### Records
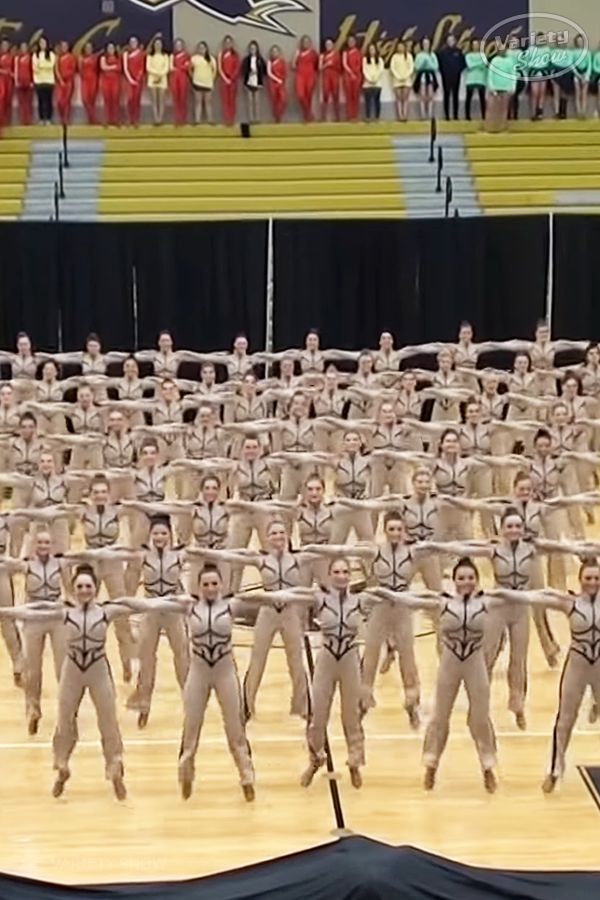 a group of people standing on top of a wooden floor in front of a crowd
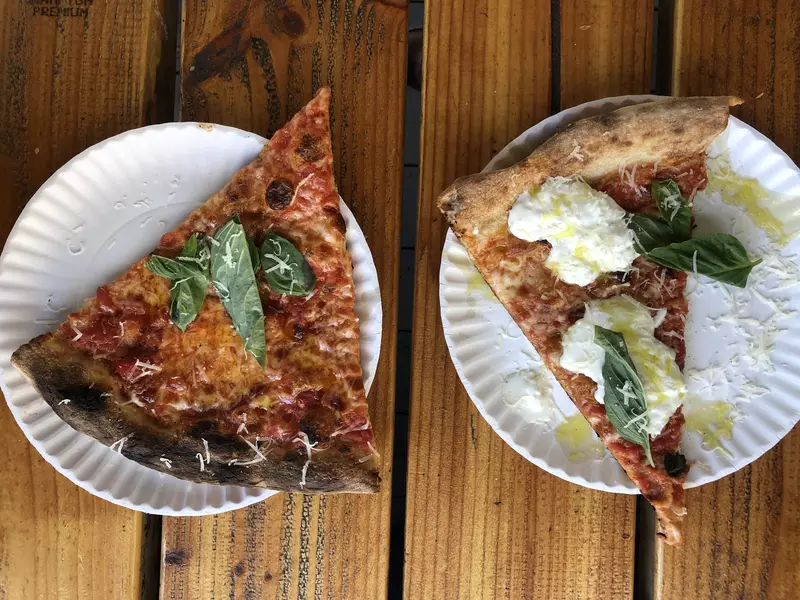 Pizza slices from L'Industrie on paper plates and resting on a wooden table
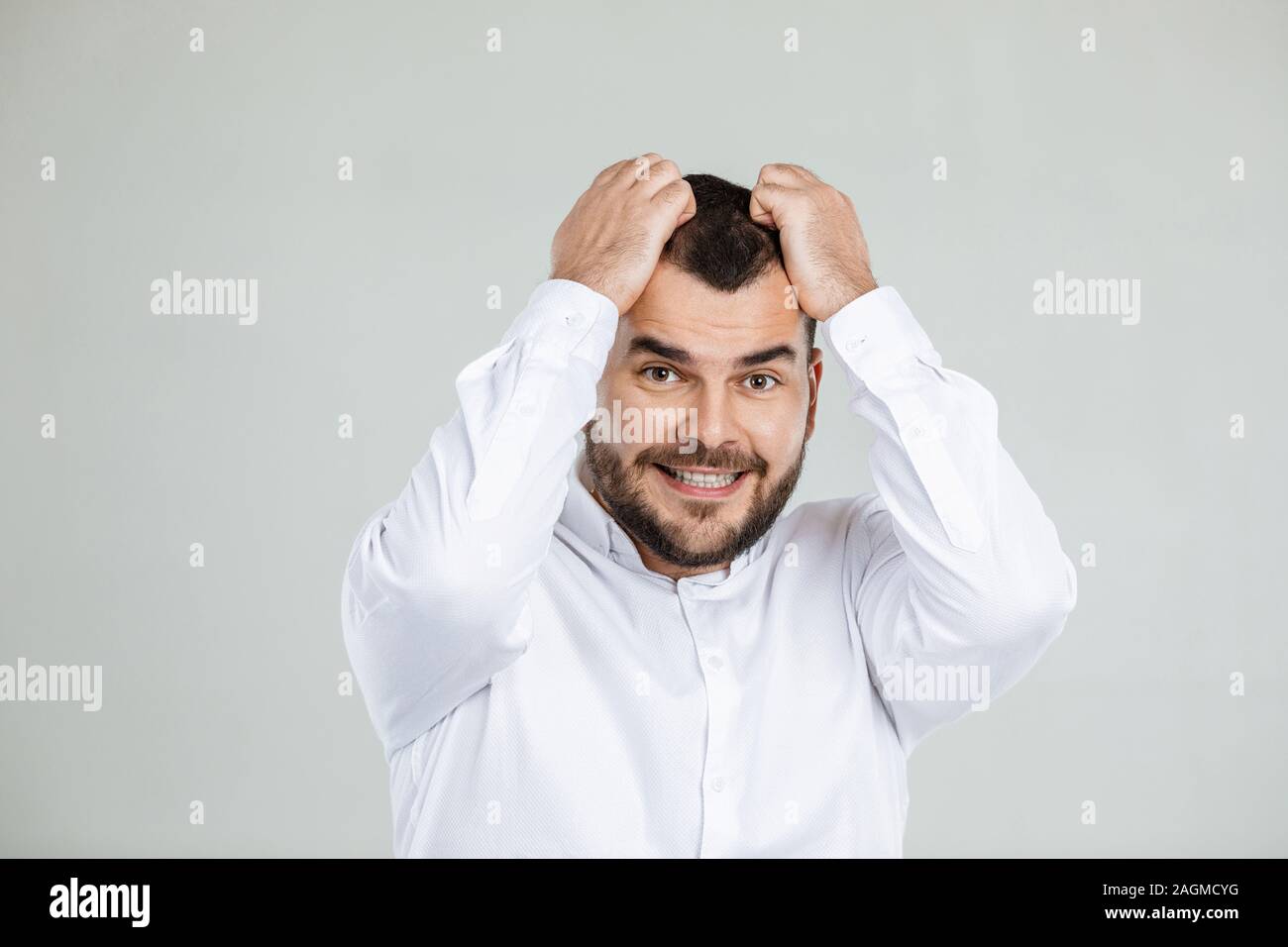 Uomo Barbuto mantiene la mano sulla testa su sfondo grigio. l uomo dimentica qualcosa Foto Stock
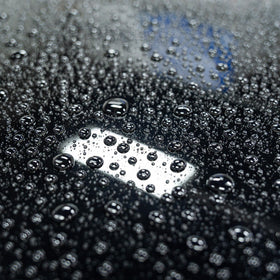 Gyeon Wet Coat being sprayed on a wet car panel to speed up rinse-off maintenance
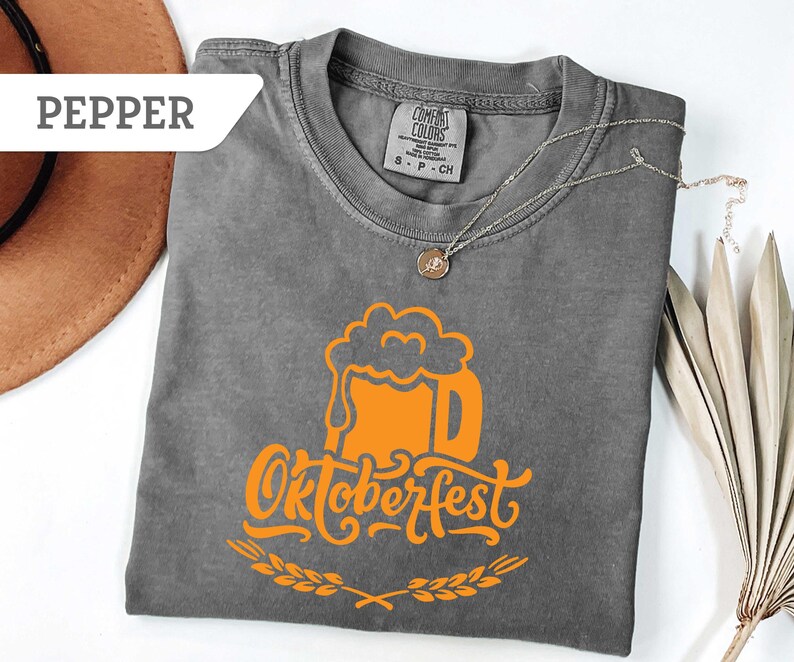 May include: A gray Comfort Colors t-shirt with an orange Oktoberfest beer mug graphic. The design includes the word "Oktoberfest" in a stylized font, with a wheat sprig at the bottom. A silver necklace with a pendant is draped on the shirt.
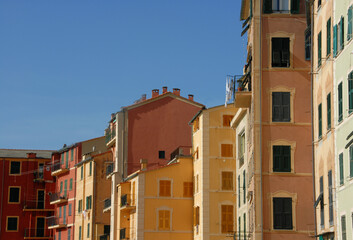 Fototapeta na wymiar Camogli is a marine village of Liguria with tall, brightly colored Mediterranean houses.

### Brief
Write out exactly, and nothing more than, the lines of the entries above from the line containing "May include: A" through the final line; omit any pictures.

### Solution for this exercise
 May include: A gray Comfort Colors t-shirt with an orange Oktoberfest beer mug graphic. The design includes the word "Oktoberfest" in a stylized font, with a wheat sprig at the bottom. A silver necklace with a pendant is draped on the shirt.
 Fototapeta na wymiar Camogli is a marine village of Liguria with tall, brightly colored Mediterranean houses.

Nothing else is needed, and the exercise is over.